4. Jerusalem is home to some of the most holy sites in Christianity, Judaism, and Islam. For Christians, the city is significant because it was the location of Jesus’s Last Supper; of his arrest, trial, and crucifixion; of his nearby burial; of his resurrection and post-resurrection appearances; and of his ascension and promise to return. For Jews, the city is home to the Kotel, or Western Wall, a remnant of the retaining wall of the mount from the Holy Temple. As Erica Chernofsky notes, “Jews believe that this was the location of the foundation stone from which the world was created, and where Abraham prepared to sacrifice his son Isaac. Many Jews believe the Dome of the Rock is the site of the Holy of Holies.” (The Holy of Holies, located within the Temple Mount, is the most sacred site in Judaism.) In Islam, the Dome of the Rock is where Muslims believe Muhammad ascended to heaven after being transported from Mecca to the location where the Al-Aqsa Mosque now stands. This site is the third holiest site for Muslims, after Mecca and Medina.

5. After being anointed king of Israel, King David captured the city of Jerusalem from the Jebusites (Canaanites) and made it the nation’s capital (2 Sam. 5:3-6). The city remained the capital of Israel until the Romans sacked it in AD 70. From that point until 1948, various non-Jewish factions controlled the city.

6. From 1517 to 1917, the city was controlled by the Ottoman Empire, and then from 1917 to 1947, by the British Empire. In 1947 the United Nations developed the Partition Plan for Palestine, a proposal to divide the city between Israel and Palestine. Before the plan could be implemented, though, war broke out in the region. The war of 1948 resulted in the division of Jerusalem, with the Israelis controlling West Jerusalem and the Jordanians controlling East Jerusalem, including the area known as the Old City with the religious holy sites. The city remained divided between Arabs and Jews until the Six Day War.

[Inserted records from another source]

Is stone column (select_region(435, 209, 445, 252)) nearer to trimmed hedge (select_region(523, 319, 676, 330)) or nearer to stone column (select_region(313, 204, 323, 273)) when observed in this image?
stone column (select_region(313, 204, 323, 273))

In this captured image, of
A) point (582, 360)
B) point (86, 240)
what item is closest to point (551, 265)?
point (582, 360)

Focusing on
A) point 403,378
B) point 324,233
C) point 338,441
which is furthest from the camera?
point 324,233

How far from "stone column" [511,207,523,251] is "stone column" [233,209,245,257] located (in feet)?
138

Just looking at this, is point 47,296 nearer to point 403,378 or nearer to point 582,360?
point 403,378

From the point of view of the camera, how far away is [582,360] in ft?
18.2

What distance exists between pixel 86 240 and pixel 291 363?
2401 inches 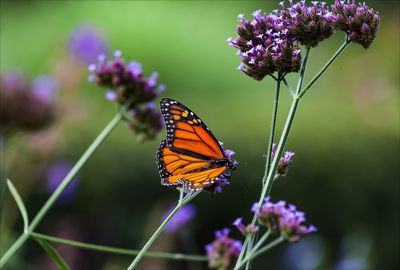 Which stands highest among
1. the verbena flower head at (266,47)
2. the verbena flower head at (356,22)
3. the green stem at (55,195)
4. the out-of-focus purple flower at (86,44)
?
the out-of-focus purple flower at (86,44)

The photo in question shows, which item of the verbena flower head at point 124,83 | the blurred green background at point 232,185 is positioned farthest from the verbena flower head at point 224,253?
the blurred green background at point 232,185

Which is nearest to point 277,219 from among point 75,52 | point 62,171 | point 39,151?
point 39,151

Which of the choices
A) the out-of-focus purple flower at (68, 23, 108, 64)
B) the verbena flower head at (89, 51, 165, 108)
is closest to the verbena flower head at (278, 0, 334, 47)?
the verbena flower head at (89, 51, 165, 108)

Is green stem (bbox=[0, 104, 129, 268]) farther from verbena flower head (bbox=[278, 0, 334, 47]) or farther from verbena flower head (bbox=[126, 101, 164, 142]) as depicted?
verbena flower head (bbox=[278, 0, 334, 47])

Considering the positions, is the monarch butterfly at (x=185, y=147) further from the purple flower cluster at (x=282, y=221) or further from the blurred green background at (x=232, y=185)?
the blurred green background at (x=232, y=185)

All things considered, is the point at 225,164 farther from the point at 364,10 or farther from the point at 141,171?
the point at 141,171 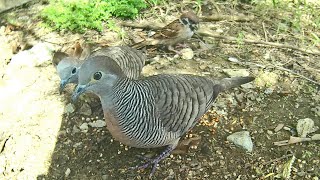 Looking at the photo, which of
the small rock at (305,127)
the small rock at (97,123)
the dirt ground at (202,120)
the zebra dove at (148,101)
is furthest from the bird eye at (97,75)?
the small rock at (305,127)

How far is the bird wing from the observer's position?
3.43 m

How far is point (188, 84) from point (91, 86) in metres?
0.92

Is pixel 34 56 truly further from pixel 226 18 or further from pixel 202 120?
pixel 226 18

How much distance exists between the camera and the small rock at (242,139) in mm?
3766

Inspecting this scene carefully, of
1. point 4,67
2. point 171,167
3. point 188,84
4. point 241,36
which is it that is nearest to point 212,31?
point 241,36

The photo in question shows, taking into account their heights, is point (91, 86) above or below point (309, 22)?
above

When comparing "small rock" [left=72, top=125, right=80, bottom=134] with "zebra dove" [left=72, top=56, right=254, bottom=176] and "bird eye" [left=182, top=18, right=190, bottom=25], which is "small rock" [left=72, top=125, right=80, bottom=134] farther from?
"bird eye" [left=182, top=18, right=190, bottom=25]

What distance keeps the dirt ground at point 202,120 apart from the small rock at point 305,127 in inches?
2.5

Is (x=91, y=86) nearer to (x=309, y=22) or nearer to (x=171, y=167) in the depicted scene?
(x=171, y=167)

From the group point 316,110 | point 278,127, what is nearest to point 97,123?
point 278,127

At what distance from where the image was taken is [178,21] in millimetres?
4730

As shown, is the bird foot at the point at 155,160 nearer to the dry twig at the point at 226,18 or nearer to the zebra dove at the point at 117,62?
the zebra dove at the point at 117,62

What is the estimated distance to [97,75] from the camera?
117 inches

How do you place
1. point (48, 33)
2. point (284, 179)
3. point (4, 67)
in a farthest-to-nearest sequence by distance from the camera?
1. point (48, 33)
2. point (4, 67)
3. point (284, 179) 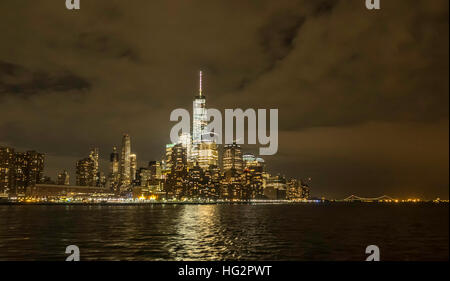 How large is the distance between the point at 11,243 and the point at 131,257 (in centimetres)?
1990

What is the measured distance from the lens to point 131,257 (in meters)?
39.3

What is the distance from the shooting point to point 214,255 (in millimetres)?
41750

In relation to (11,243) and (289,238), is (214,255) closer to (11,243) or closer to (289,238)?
(289,238)

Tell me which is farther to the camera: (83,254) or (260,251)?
(260,251) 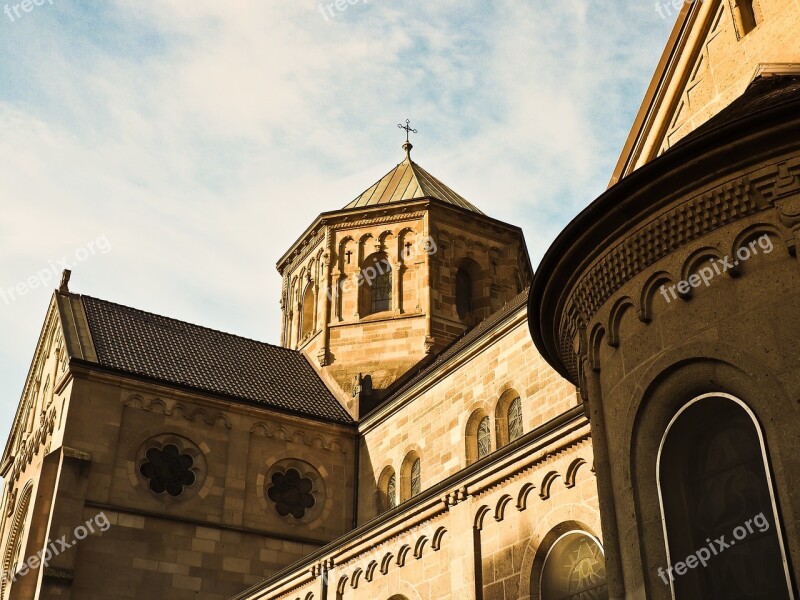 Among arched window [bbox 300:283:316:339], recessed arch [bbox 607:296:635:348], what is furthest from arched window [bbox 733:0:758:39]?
arched window [bbox 300:283:316:339]

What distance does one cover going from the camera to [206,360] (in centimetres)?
3055

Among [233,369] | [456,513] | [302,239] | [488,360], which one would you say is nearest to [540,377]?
[488,360]

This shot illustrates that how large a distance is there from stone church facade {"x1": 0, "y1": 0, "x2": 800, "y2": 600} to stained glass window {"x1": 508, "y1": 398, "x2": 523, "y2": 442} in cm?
10

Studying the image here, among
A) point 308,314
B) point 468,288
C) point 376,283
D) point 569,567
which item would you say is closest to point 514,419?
point 569,567

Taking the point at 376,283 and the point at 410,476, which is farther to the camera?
the point at 376,283

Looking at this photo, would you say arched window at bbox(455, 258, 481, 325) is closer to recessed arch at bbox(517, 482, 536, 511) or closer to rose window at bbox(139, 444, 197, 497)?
rose window at bbox(139, 444, 197, 497)

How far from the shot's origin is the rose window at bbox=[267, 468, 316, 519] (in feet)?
90.5

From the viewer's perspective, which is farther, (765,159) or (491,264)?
(491,264)

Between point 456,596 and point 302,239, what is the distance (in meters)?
22.7

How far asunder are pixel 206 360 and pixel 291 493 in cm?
513

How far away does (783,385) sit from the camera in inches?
331

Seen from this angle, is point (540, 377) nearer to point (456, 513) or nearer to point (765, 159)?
point (456, 513)

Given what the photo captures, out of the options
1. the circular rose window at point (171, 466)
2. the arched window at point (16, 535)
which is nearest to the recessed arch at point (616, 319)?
the circular rose window at point (171, 466)

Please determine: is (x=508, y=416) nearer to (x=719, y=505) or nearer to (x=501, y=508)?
(x=501, y=508) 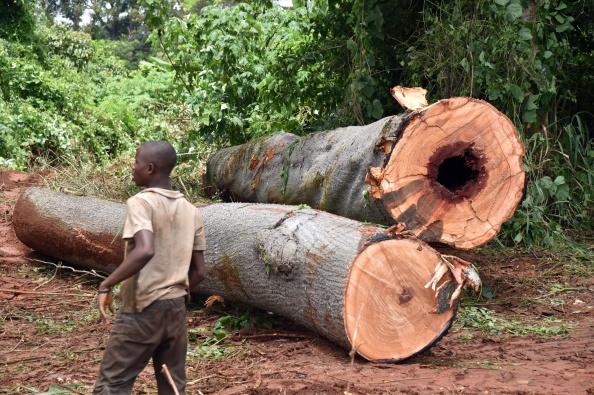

7. For two decades after the 1948 Arab–Israeli War, tensions remained between Israel and its Arab neighbors. In May 1967, Egypt, Jordan, and Syria began mobilizing their military forces and initiated a naval blockade of Israeli shipping and seaports. Israel responded by preemptively attacking Egyptian airfields and destroying 90 percent of Egypt’s air force. In the first three days of the war, Israel managed to capture the Gaza Strip, the Suez Canal, and the Sinai Peninsula. Although Israel had asked Jordan to remain neutral in the city of Jerusalem, the Jordanians began to attack West Jerusalem. On June 7, Israel captured all of Jerusalem and accepted a ceasefire with Jordan. Since then, Israel has controlled the entire city (Muslims in Israel have full access to their holy sites, though Palestinians in the West Bank have restricted access into the city).

8. In 1980, the Knesset adopted the “Jerusalem Law,” which stated, “Jerusalem, complete and united, is the capital of Israel” and that “Jerusalem is the seat of the President of the State, the Knesset, the Government and the Supreme Court.” The United Nations Security Council, which had long criticized Israeli annexation of the city, responded by adopting Resolution 478. The resolution declares the Jerusalem Law to be a violation of international law and calls upon UN member states to withdraw their diplomatic missions from the city. The resolution passed 14-0, with the United States abstaining.

9. In 1995, the U.S. Congress passed the Jerusalem Embassy Act, which provides funding for the relocation of the U.S. Embassy in Israel from Tel Aviv to Jerusalem.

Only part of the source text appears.